Actually this post was supposed to be about some of the items in Mom's famous Holi spread. Things like gujiya (empanada-like entities with a sweet filling), kannji (a sour fermented drink, made with carrots, beets, water, mustard seeds, salt and water and left in the sun for at least a week), potato chaat, rice kheer, kachoris......................However, this post is NOT about these things. Why? Because I am SUPER home-sick right now.........maybe a little later?
To cheer me up, I am sticking with very simple comfort food these days. The items on the meal in the pic are exactly that - simple, filling and comforting - Mangori Aloo in yogurt gravy, punjabi tinda and paranthas.
Tinda (fresh or frozen) 500g
Oil 2 tsp
Cumin seeds 1/4 tsp
Onion 1/2 cup chopped
Tomato puree 1/3 cup
Ginger-garlic paste 1 tsp
Corriander pwd 1 tsp
Red chili pwd 1/2 tsp
Turmeric 1/4 tsp
Garam masala 1/4 tsp
1. Whether you are using fresh or frozen tinda, steam them in the microwave for about 10 minutes or till they are soft-ish. The "ish" is there because they dont become super soft ever. The best way is to bite into a piece and if your teeth dont encounter too much resistance, you are fine.
2. While this is happening, heat the oil and put in the cumin seeds. Once they are brown put in the onion, lower the heat and sit back. Let the onions saute on medium-low heat for about 10 minutes, stirring occasionally. This is the key aspect of this recipe since in Punjabi cuisine, onions are slowly browned until they are soft and mild and totally mind-blowing.
3. After about 8 minutes (oil will be seperating from the onions now), add the ginger-garlic paste and let go for another 2-3 minutes. If the onion starts sticking to the pan then you can pour more oil OR a splash of water.
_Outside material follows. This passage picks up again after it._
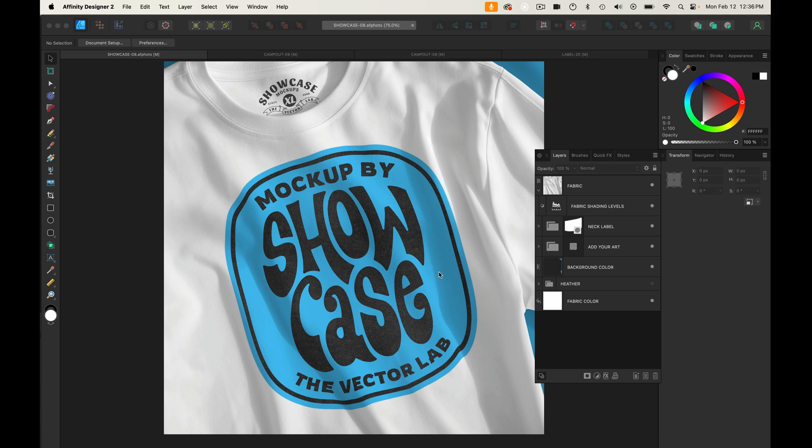In this video, I want to show you how to use the showcase mock-ups in Affinity Designer and Affinity Photo. I've got them here in Affinity Designer, but they work exactly the same in Affinity Photo.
It should be just enough to prevent sticking because the main aim is to remove all possible moisture from the onions.
4. Now put in the powders, stir till incorporated and add the tomato
puree. Again stir and leave alone for 5-7 minutes. After that add the tinda, cover and cook for a 5 minutes. Garnish with some corriander and serve with rice or bread.
Now this does seem like a pretty time consuming dish to cook (that too for a simple veggie like tinda). However, the proper browning of the onions is the key feature of this dish and of Punjabi cuisine in general. The sweet, smoky flavor of the done product is more that worth the time. Also, you can go about your business for the most part and need to stir only once in a while. Deccan Heffalump at Cooks Cottage has a great little essay about the proper treatment of onions here.
Another little trick is to actually make big batches of roasted onion-ginger-garlic masala and use them for various dishes or over time. Once fully cooled, you can refrigerate the onions and use them easily for upto 2 weeks.